Раздумья о будущем Севера подтолкнули Тарагупту к занятиям социологией и философией. В какой-то мере примером для него стала судьба Льва Толстого.
- Я много читал Шестова, Вернадского, Питирима Сорокина, других ученых, - признается Тарагупта. – Но мне кажется, только Лев Толстой смог выйти на пространство этической философии. Толстого часто упрекают за его слова о непротивлении злу насилием. Как это так? Тебя ударили, а ты еще должен вместо сдачи смиренно другую щеку подставить. Но я считаю, что Толстого просто неправильно трактовали. Он-то совсем о другом говорил, о том, что непротивление злу насилием рождает свет, мужество и свободу. Сила Толстого в том была, что он умел натурально жить. Он жил – как говорил. Поэтому для меня Толстой – это не столько писатель, сколько мыслитель. Кстати, ханты в своем большинстве очень похожи на Толстого. Они всегда ведут себя скромно, сидят как правило, в сторонке и стараются «не высовываться». Но не от бедности или скудости ума. Нет. Просто такой у нас характер. В хантыйской философии любое оброненное слово означает конкретное дело.

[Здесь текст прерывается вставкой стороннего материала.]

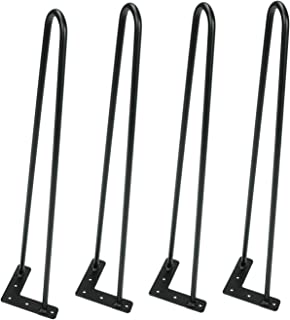 Photo 1 of 22" Metal Industrial Hairpin Legs (Set of 4),3/8" Black Two-Rod Mid Century Modern Style Heavy Duty Solid Iron Furniture DIY Project for Coffee Table, End Table Workstation
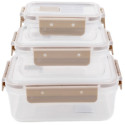 Pojemniki plastikowe prostokątne lunchbox MG Home Misto zestaw 3 sztuki hermetyczne 1350/600/250 ml beżowe
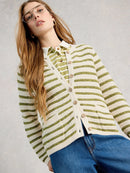 Belle Stripe Cardigan - Ivory Multi
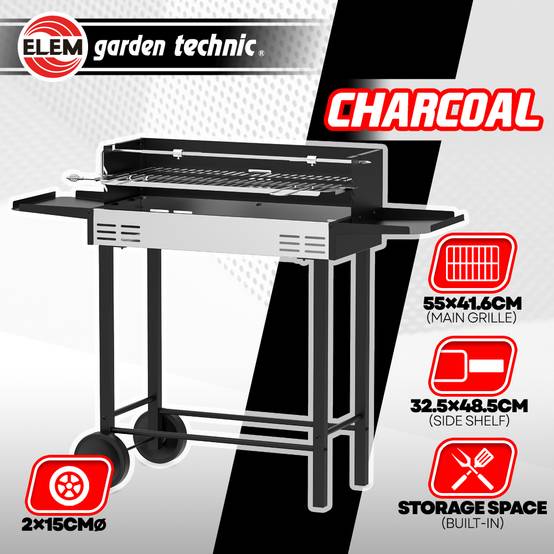 Elem Garden Technic - Barbecue charbon de bois avec roues et broche, surface de cuisson 68x33cm - Image 2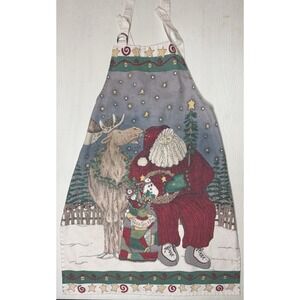 Deb Strain Christmas Santa Fabric Apron "For Nice Girls & Boys" O/S Nostalgic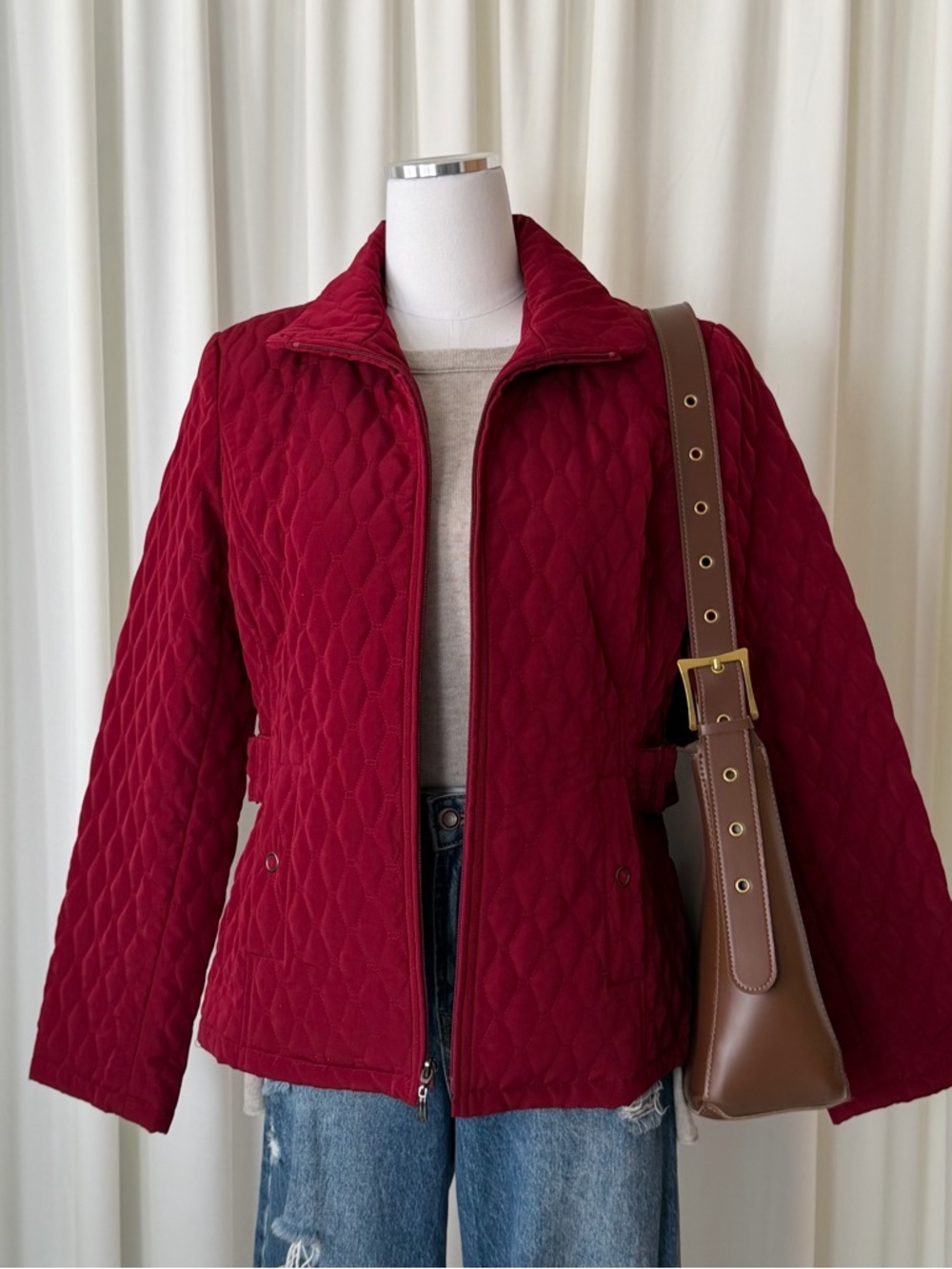 Gallery Burgundy Quilted Jacket Size Medium Full Zip.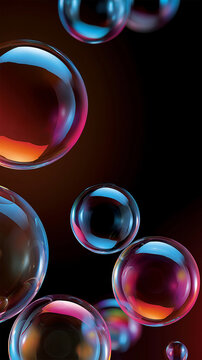 Transparent floating bubbles with soft pink and purple glow, vertical photo featuring dreamy iridescent reflections and an elegant abstract background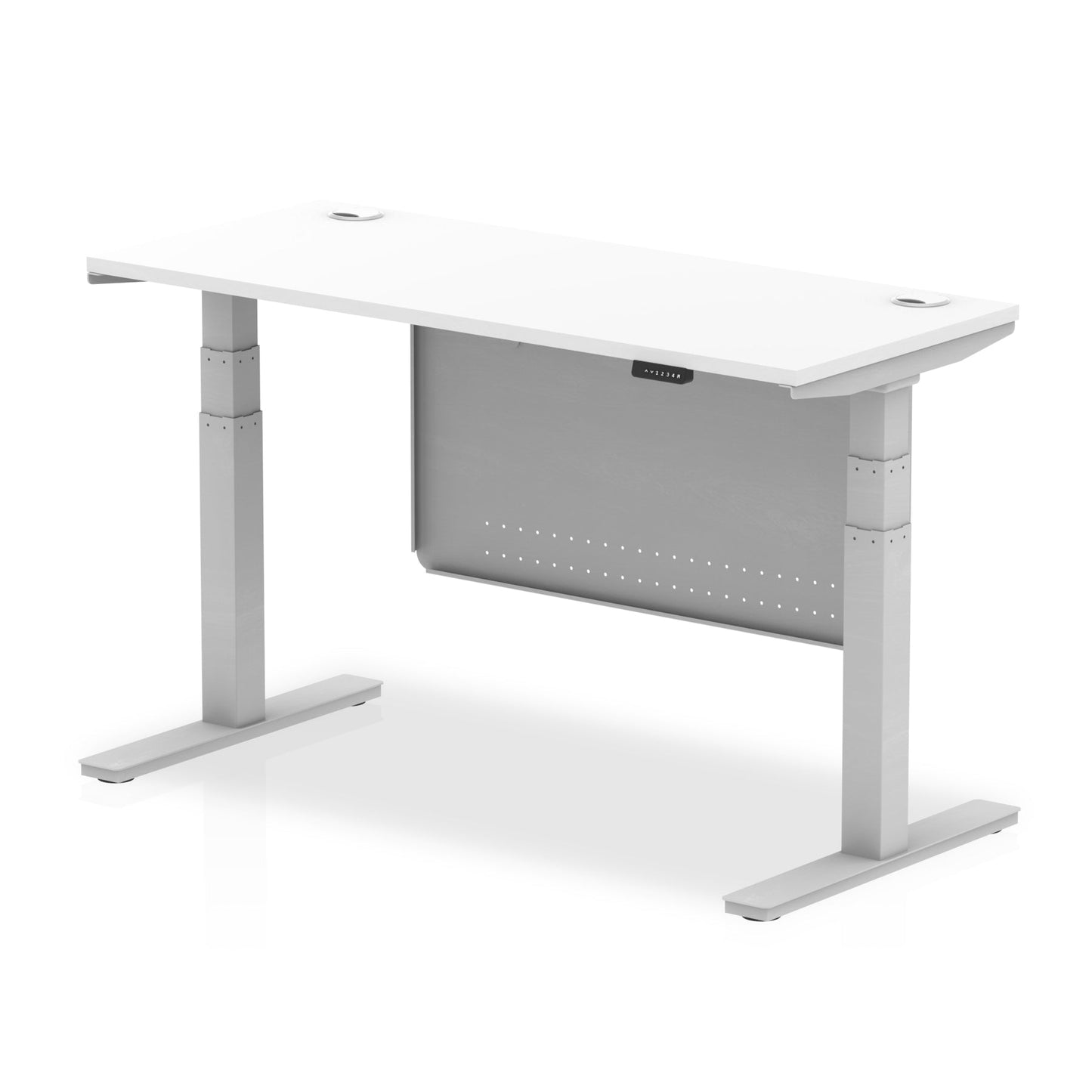 Air Height Adjustable Slimline Desk With Cable Ports With Steel Modesty Panel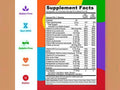 Supplement facts label with colorful border on a multicolored background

К слову сказать, Тарагупта категорически не согласен, когда его называют язычником. Он полагает, что язычество – это понятие, придуманное христианами и не отражающее сути ни хантыйской жизни, ни ненецкой, ни мансийской. Но как тогда быть с «Языческой поэмой» классика миансийской литературы Ювана Шесталова? Очень просто. По мнению Тарагупты, «Языческая поэма», как и другая книга Шесталова – «Медвежьи игрища», отражает всего лишь процесс пристраивания части национальной элиты Севера к чужой системе ценностей. «Языческая поэма», как считает хантыйский поэт, не что иное, как искусственная популяризация истории и культуры мансийских охотников перед христианским миром. Грубо говоря, Шесталов просто не знает своей сути.
Тогда кто же такие ханты? Тарагупта поясняет:
- Мы – носители этической натуралистической философии. У нас любое слово соответствует делу. Я думаю, именно благодаря этому обстоятельству наш этнос до сих пор жив. Но стоит в наше сознание внедриться другой системе духовных координат – мы окажемся на краю физического исчезновения. Ведь совсем не случайно миропонимание арктических народов так разительно отличается от европейского. Если для Европы основа этики кроется в красоте, прежде всего ценится тепло, то на Севере главное твердость характера. А давайте сравним наши языки. Речь любого европейца изобилует существительными. Потому что европейцы предпочитают мыслить предметно. У нас – все по-другому. Мы придаем огромное значение каждому оттенку. У нас нет просто понятия «лодка». Нам важно, из какого материала она сделана, какие имеет размеры, каково ее положение в данный момент – устойчивое или неустойчивое, и так далее. И то, что в русском языке обычно требует целой фразы, ханты могут передать всего одним словом. В общем, с одной только лодкой у нас связано до десяти понятий. К сожалению, мир арктического сознания человечеством до сих пор не понят и не осмыслен. Отсюда истоки множества столкновений между носителями европейской цивилизации и коренными народами Севера.
Да, противоречий накопилось много. Больше всего они касаются экономики. Не все так просто с вопросами собственности, особенно на землю. Случается недопонимание и на бытовом уровне. Но нам сегодня все-таки не конфликты нужны. Пора научиться уважать друг друга.
В настоящее время работает научным сотрудником НИИ обско-угорских народов.